The write way
by Dara Resnik Creasey
The first full teleplay my husband-and-writing-partner and I were paid to write was for a delightful show we were honored to be a part of called Pushing Daisies, created by the inimitable Bryan Fuller. The first few months in the writers’ room had gone swimmingly. Swimmingly as in, we didn’t drown. At the ripe old rank of story editor we managed to hold our own with the more seasoned producers and were feeling pretty confident. Then the real test: we were assigned our first script. It was fifth in the line-up. Late enough for the show to have established a language and style. Early enough for us to still be finding our feet a bit. Gulp.
The first script matters. A lot. This is the test that separates the girls from the women. Showrunners want to know that their writers can, at the very least, hand them a script that will serve as a template for the episode that will shoot in a mere few weeks time. As many are fond of saying, they want to see that “the bones” of the story are solid. And, bonus, if the muscles and skin and hair are pretty too, you’ve got yourself a model script (my apologies for taking that metaphor so far).
A first script should as closely mimic the showrunner’s writing style as possible. Of course every script you write will have some of you in it. That’s why you were hired, after all. For your thoughts. Your voice. But your job in these first precious 55 pages is to show the people reading it that you understand the show – that you can write in the voices of its characters, and grasp its unique vernacular. This is not the time to take a risk, to deviate from the story you collectively broke in the writers’ room because you suddenly think you have a better act-out.
We typed. We sweated. We burned the midnight oil. And the 4am oil. And then the 7am oil, too. It was like Hanukkah without the miracle. Or presents. We clicked “send.” And we waited. And waited. Actually we only waited 24 hours, but it felt like 10 years. And then the word came down from on high (the gods in this case being the EPs and Co-EPs) that we had done a great job. Or at the very least, the job we had been hired to do. Phew.
For the record, waiting on news from the Higher Ups never feels less interminable.

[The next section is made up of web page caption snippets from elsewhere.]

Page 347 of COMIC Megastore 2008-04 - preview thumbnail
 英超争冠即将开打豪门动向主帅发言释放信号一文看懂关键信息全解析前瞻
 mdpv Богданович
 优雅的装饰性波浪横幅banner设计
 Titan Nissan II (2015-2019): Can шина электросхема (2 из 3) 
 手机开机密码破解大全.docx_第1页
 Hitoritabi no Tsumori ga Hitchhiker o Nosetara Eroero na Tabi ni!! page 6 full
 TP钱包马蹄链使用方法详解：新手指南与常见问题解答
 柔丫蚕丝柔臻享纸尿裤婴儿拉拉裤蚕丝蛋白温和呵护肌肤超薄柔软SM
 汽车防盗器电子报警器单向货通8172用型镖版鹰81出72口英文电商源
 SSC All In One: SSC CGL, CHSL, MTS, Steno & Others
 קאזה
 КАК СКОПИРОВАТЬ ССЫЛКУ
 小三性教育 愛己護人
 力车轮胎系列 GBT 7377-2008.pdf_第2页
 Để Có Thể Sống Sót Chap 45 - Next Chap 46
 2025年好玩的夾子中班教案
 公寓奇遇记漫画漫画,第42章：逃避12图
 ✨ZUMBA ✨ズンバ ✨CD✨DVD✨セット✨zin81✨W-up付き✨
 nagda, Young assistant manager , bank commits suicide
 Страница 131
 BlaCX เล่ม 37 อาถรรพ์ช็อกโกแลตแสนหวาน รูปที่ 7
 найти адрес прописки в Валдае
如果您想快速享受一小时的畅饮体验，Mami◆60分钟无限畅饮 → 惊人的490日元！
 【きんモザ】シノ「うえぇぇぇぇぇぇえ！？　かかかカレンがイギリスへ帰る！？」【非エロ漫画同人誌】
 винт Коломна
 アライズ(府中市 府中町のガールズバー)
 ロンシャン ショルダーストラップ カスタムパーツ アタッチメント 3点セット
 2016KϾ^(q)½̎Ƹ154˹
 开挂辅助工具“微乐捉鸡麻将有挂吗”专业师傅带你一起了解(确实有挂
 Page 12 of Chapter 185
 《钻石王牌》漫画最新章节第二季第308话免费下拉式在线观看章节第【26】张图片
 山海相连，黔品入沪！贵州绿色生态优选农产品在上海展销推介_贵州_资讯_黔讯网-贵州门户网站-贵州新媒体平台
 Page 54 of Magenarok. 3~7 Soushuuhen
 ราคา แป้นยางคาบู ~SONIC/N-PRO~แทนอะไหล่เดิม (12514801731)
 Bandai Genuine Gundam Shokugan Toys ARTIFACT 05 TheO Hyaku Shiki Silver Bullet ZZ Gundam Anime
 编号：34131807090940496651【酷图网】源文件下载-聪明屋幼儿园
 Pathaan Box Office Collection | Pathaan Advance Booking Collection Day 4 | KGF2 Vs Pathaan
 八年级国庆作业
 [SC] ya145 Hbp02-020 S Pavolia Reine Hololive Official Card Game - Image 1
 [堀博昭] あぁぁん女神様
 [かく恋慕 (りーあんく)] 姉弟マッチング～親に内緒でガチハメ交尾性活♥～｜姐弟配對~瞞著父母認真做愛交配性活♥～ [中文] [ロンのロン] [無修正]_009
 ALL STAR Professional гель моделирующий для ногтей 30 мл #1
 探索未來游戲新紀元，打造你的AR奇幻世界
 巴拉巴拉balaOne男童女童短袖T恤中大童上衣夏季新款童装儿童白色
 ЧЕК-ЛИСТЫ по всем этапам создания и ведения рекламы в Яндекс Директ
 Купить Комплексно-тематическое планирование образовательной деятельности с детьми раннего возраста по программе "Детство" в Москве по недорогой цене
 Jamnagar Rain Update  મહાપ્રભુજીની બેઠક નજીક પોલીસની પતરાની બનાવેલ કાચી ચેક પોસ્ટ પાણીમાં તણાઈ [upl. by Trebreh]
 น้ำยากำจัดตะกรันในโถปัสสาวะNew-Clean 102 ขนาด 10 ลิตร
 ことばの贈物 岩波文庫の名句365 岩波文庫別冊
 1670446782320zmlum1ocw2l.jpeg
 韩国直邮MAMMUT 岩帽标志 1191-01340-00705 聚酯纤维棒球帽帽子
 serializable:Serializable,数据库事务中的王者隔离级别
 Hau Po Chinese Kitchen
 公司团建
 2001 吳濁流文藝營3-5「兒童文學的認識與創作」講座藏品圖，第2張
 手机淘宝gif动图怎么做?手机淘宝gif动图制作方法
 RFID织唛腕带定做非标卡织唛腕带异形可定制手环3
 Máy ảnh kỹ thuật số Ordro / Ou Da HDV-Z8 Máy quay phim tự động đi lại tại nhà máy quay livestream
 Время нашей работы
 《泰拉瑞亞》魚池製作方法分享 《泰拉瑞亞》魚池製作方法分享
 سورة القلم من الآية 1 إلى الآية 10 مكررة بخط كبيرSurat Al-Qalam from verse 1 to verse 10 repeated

Hindsight is 20/20, which is good because after writing many more scripts, my eyesight isn’t. Here’s what I now understand we did right on our first script:
Thing #1 We Did Right: We followed the outline.
Some writers may disagree with this, but I believe following the outline unless you absolutely cannot do so is imperative. You are a contractor, and the outline is the blueprint on which the showrunner, studio and network have all signed off. If you build the house they expected, and they later say, “you know, there really should be a turret here…” Then by all means, make that change. But nobody wants to pull into the driveway of a house with purple shutters unless they asked for purple shutters.
Thing #2 We Did Right: We didn’t hesitate to ask questions.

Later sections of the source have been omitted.